**EXERCISE DESCRIPTION:** Working through the data below, reproduce word for word the line with "MS license plate ZZU333" and every line after it, both ends included, and omit the pictures.

- - - - - - -

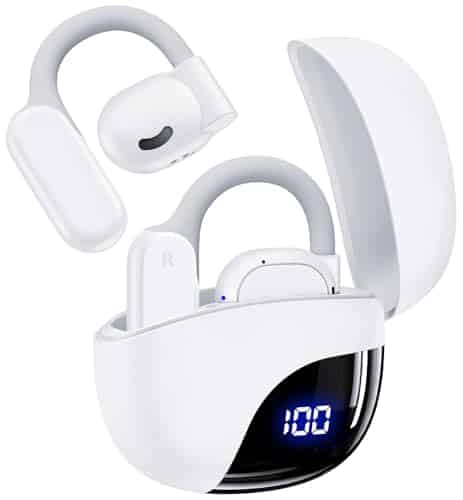 TAGRY Open Ear Headphones Bluetooth Ear buds 80Hrs Playtime Wireless Earbuds with Earhooks IPX7 Waterproof Touch Control Air Conduction Sport Headsets Bluetooth 5.3 Earphones for Workout Running White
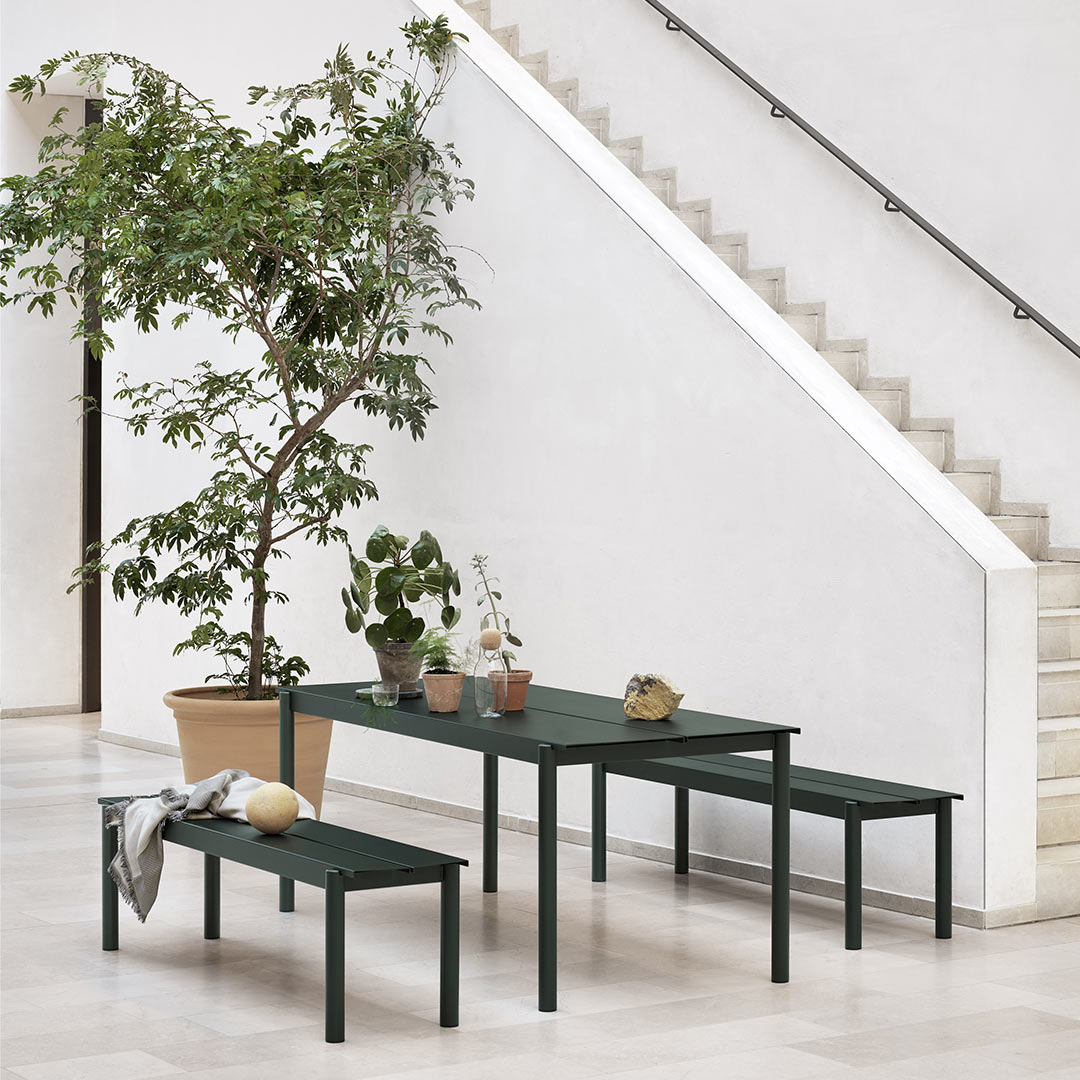 muuto linear steel bench dark green 65414
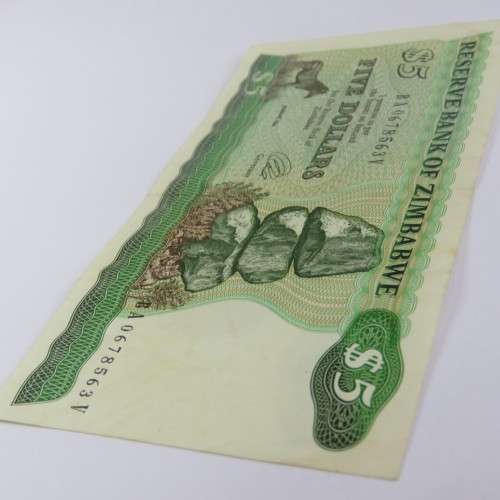 Zimbabwe $5 Harare 1994 ZW 15 folds and creases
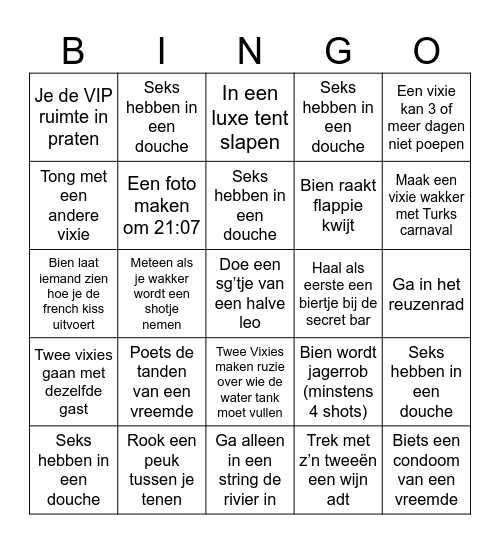 Sziget Sterre Bingo Card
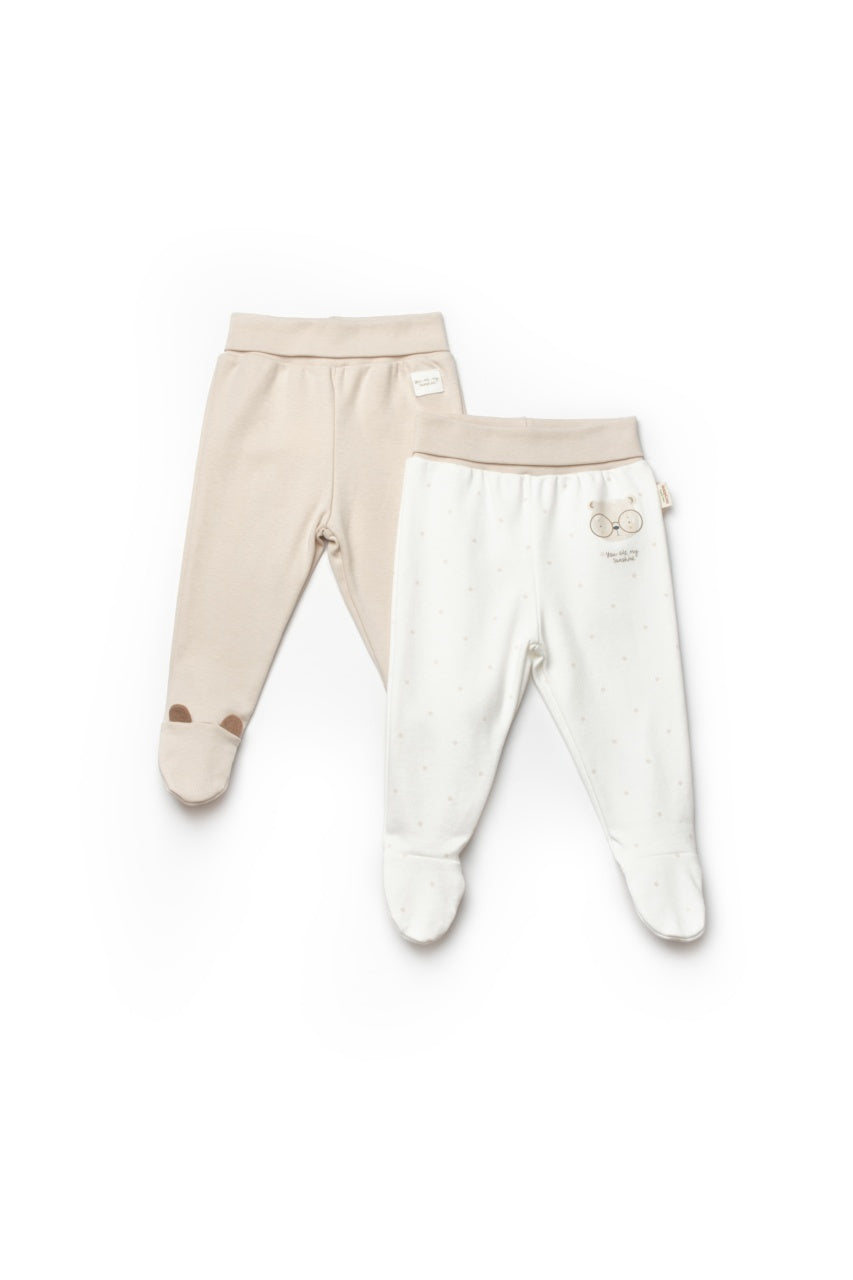 Set 2 pantaloni cu botosei bebe TeddyBear, BabyCosy, 100% bumbac organic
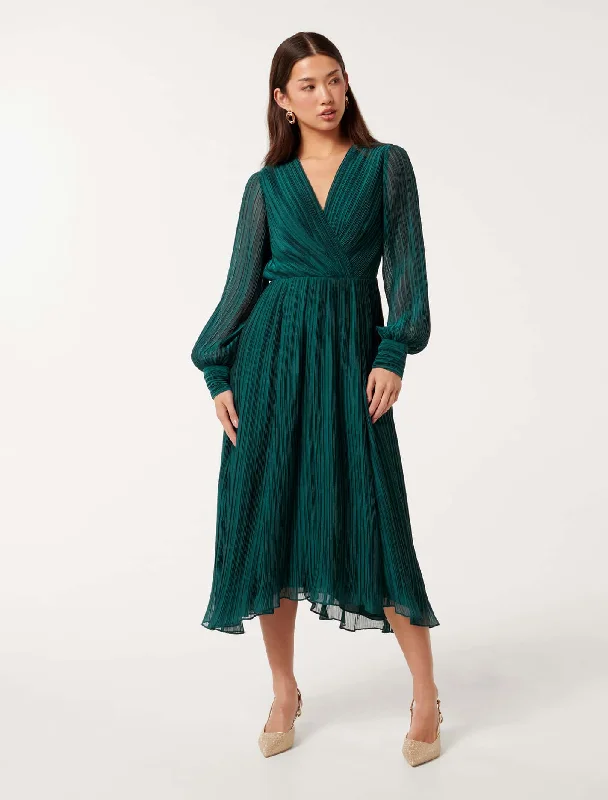 Ruffled cocktail dress-Genevieve Crinkle Midi Dress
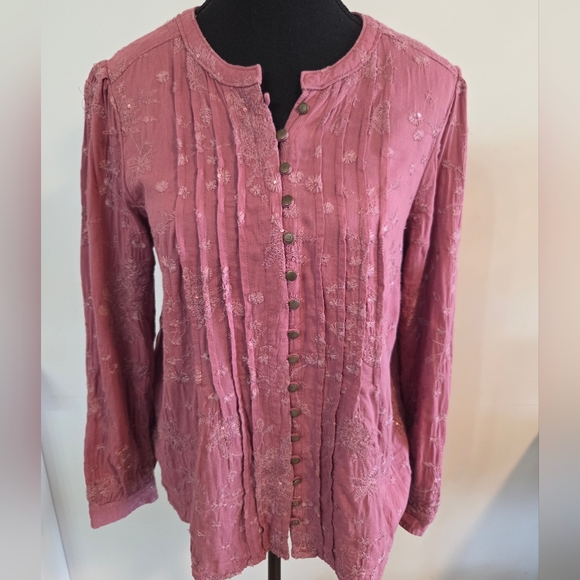 Anthropologie Pilcro embroidered boho button down top Sz M - Picture 3 of 11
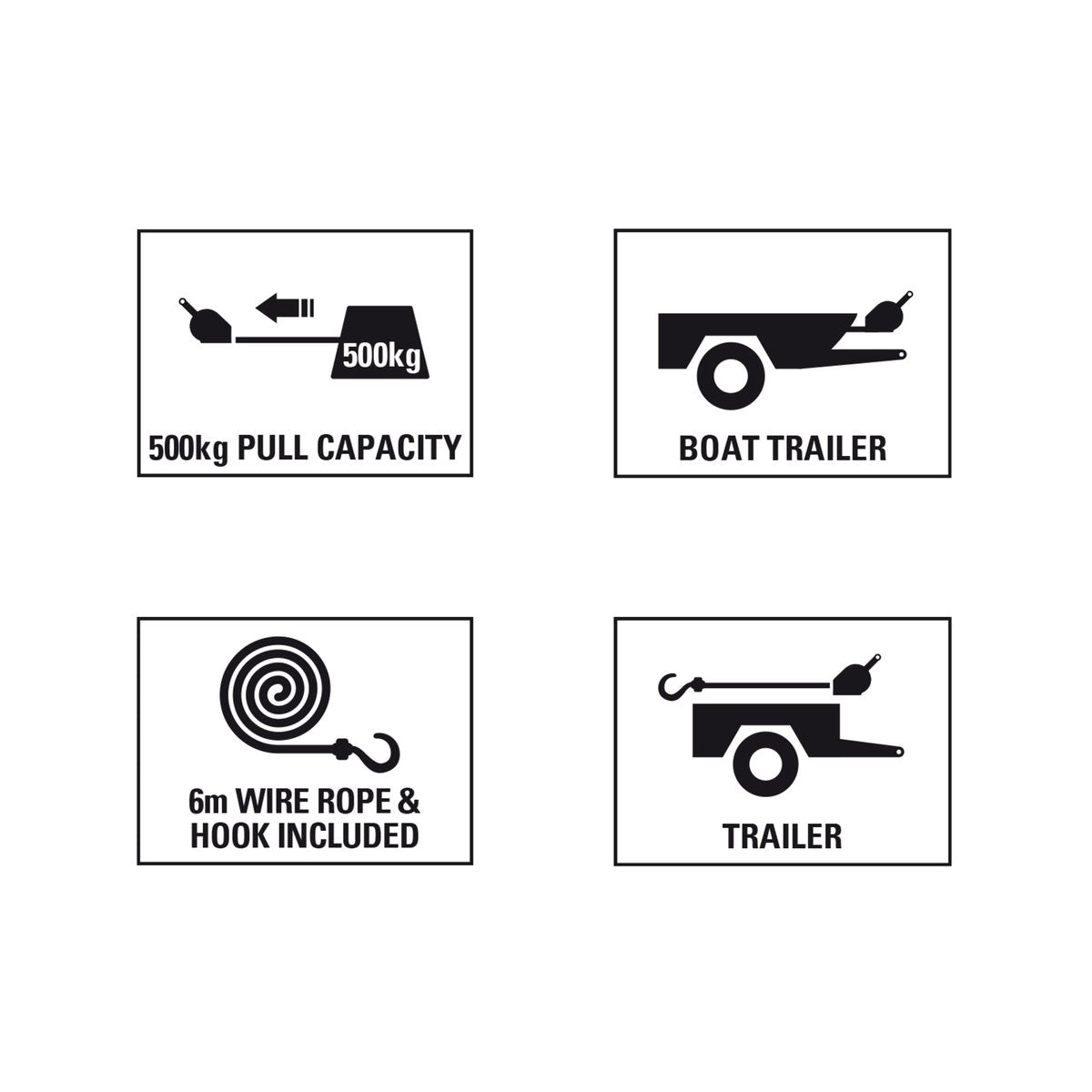 Gorilla 500kg Hand Winch - 6m Wire Rope - Galvanised Steel - Durable
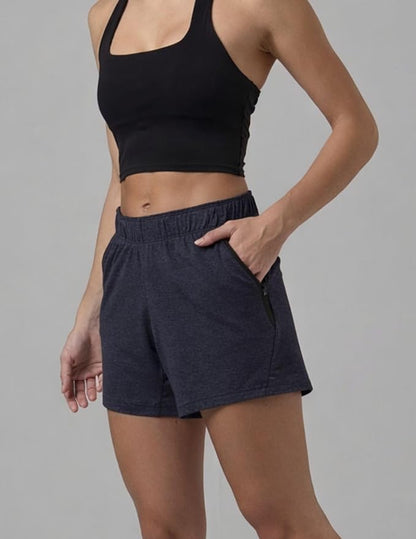 Liberty Imports 1 or 5 Pack Womens Lounge Workout Shorts with Zipper Pockets 5" Inseam Lightweight Athletic Casual Shorts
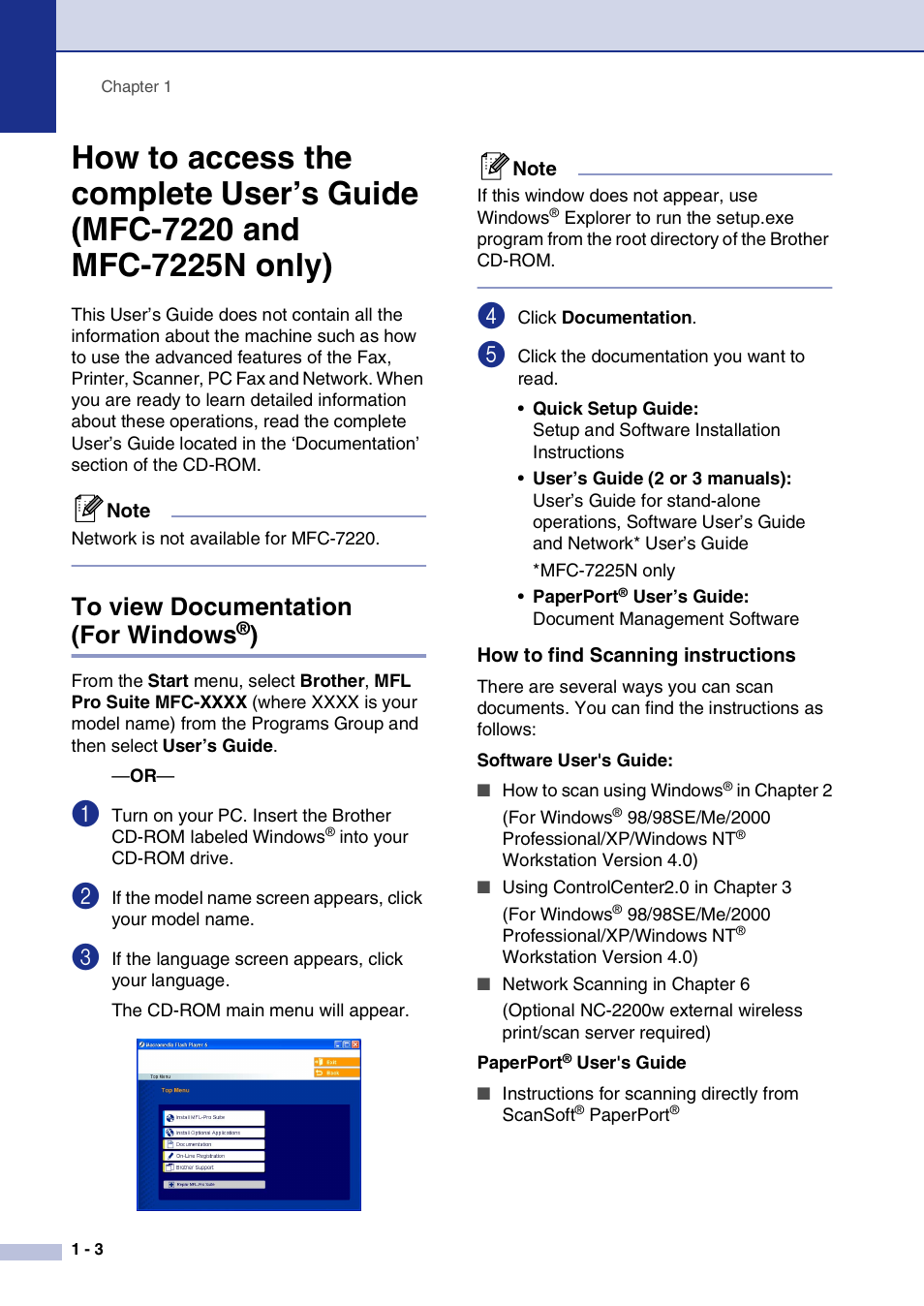 To view documentation (for windows®), How to find scanning instructions, How to access the complete user’s guide | Mfc-7220 and mfc-7225n only) -3, To view documentation (for windows, How to find scanning instructions -3 | Brother FAX2820 User Manual | Page 21 / 161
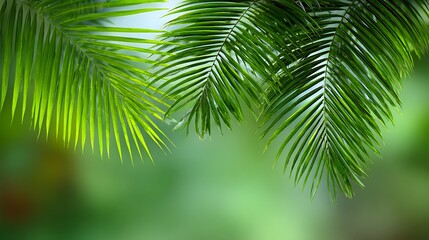 Obraz premium Palm Tree Leaves Green Tropical Foliage High Resolution Image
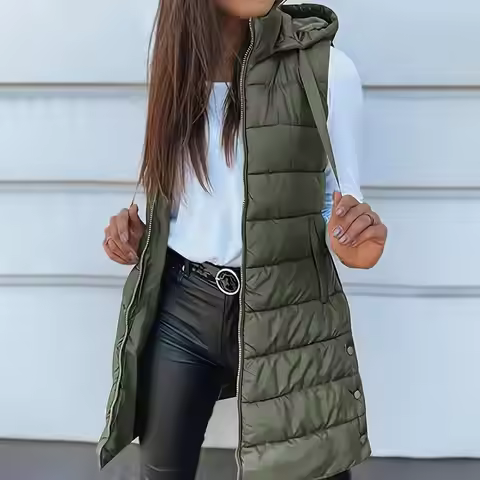 2025 Women Down Vest Women's Puffer Vest Casual Zip Up Quilted Padded Vest Hooded Sleeveless Down Ja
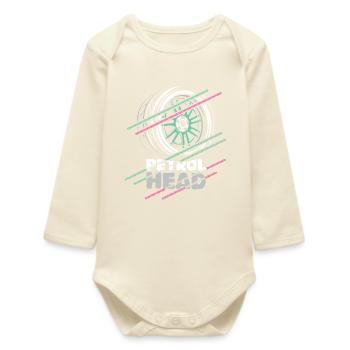 Petrolhead – Motorsport & Tuning Rim Design - Baby Organic Long-Sleeved Bodysuit - soft Ecru - Front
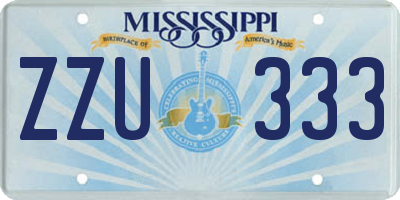 MS license plate ZZU333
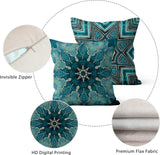 Boho Cushion Cover, 50 x 50 cm, Set of 4, Retro Geometric Pattern, Blue Gold Sofa Decorative Cushion Covers, Washable Polyester Flax Textile, Outdoor Upholstery Pillowcase Cushion Cover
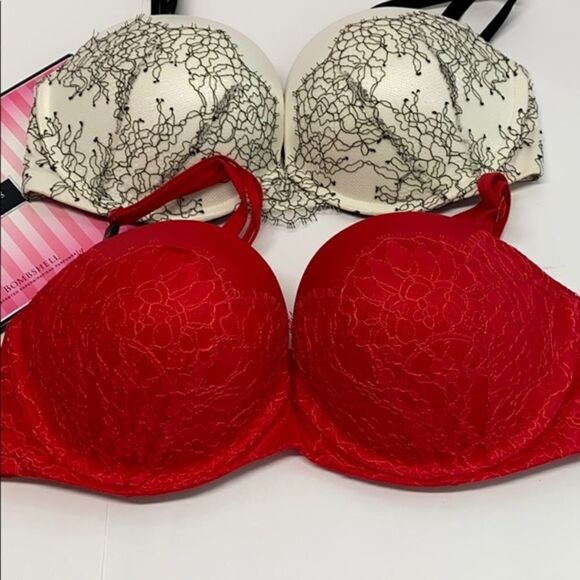 🔥 lot 2  VICTORIA SECRET BRA 32DD push-up multi-way strapless New - Picture 2 of 8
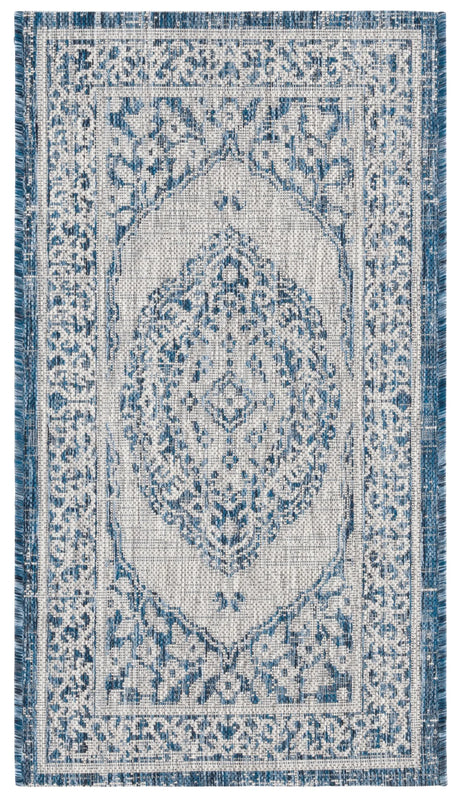 Safavieh Courtyard 2'-0" x 3'-7" Rug in Light Grey / Blue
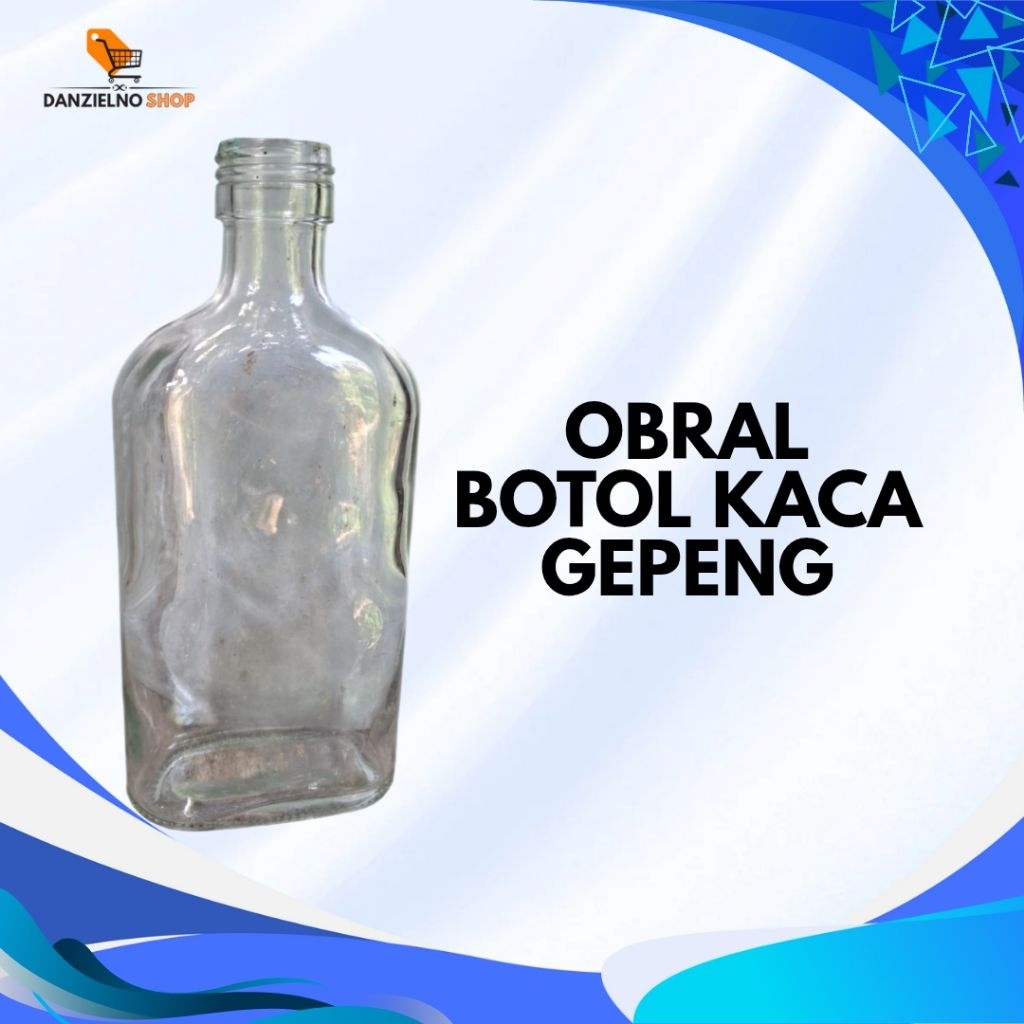 botol kaca gepeng tanpa tutup Botol kaca ikan cupang Botol tanaman air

- - - - - - -

**TASK RESPONSE:**
 MS license plate ZZU333
 Boho Cushion Cover, 50 x 50 cm, Set of 4, Retro Geometric Pattern, Blue Gold Sofa Decorative Cushion Covers, Washable Polyester Flax Textile, Outdoor Upholstery Pillowcase Cushion Cover
 🔥 lot 2  VICTORIA SECRET BRA 32DD push-up multi-way strapless New - Picture 2 of 8
 Safavieh Courtyard 2'-0" x 3'-7" Rug in Light Grey / Blue
 botol kaca gepeng tanpa tutup Botol kaca ikan cupang Botol tanaman air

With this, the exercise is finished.